=== WHAT IS EXPECTED ===
A faithful copy of the data is what is wanted, minus any pictures.

=== MATERIAL PROVIDED ===
####

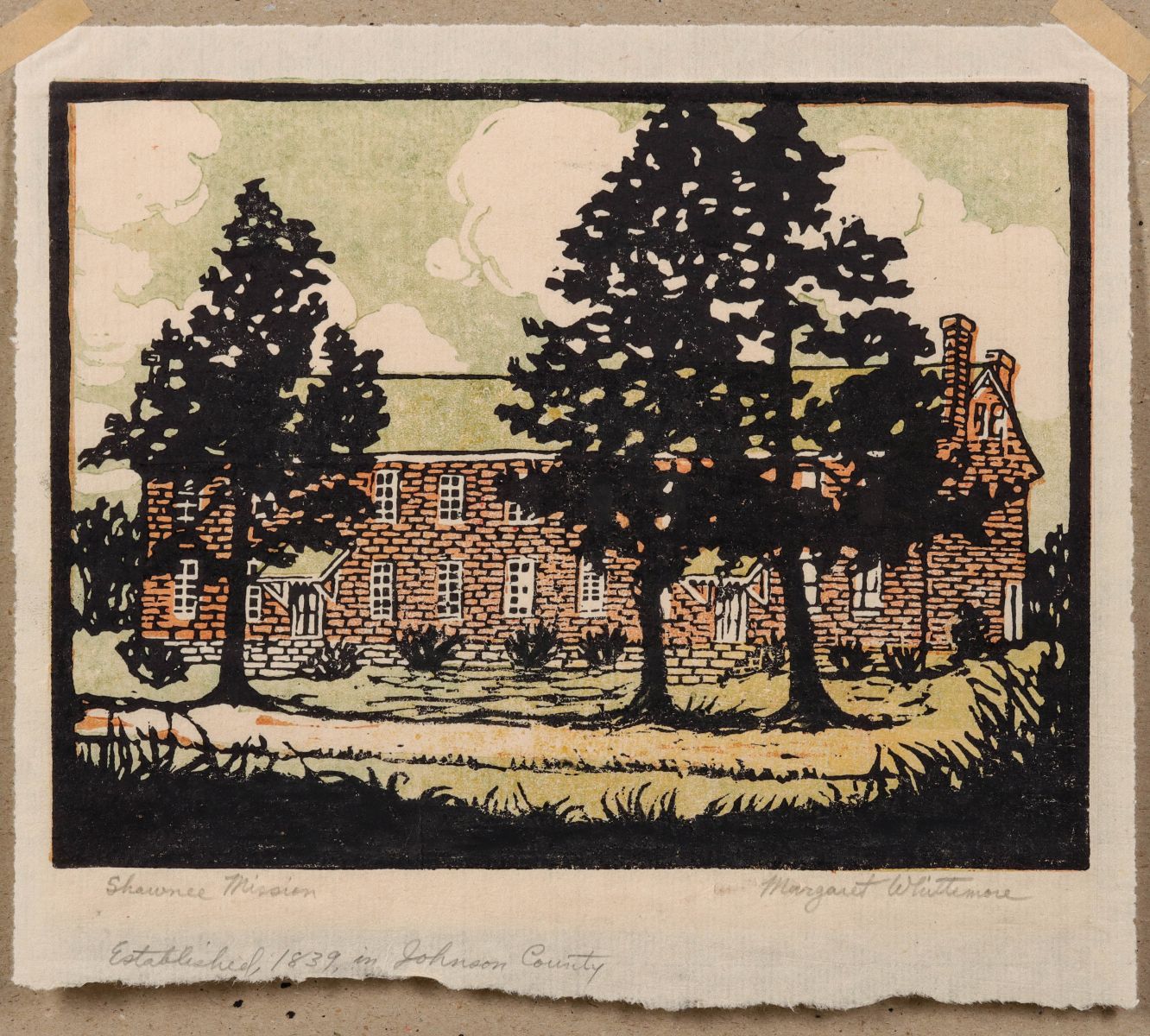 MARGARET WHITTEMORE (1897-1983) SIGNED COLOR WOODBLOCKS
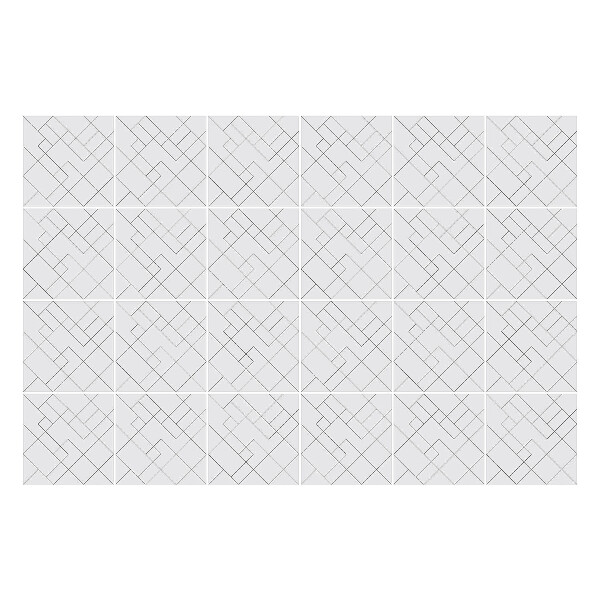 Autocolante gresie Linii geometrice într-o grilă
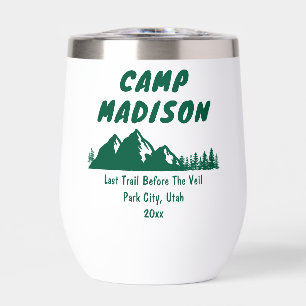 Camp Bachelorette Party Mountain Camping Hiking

####

=== ANSWER BOX ===
 MARGARET WHITTEMORE (1897-1983) SIGNED COLOR WOODBLOCKS
 Autocolante gresie Linii geometrice într-o grilă
 Camp Bachelorette Party Mountain Camping Hiking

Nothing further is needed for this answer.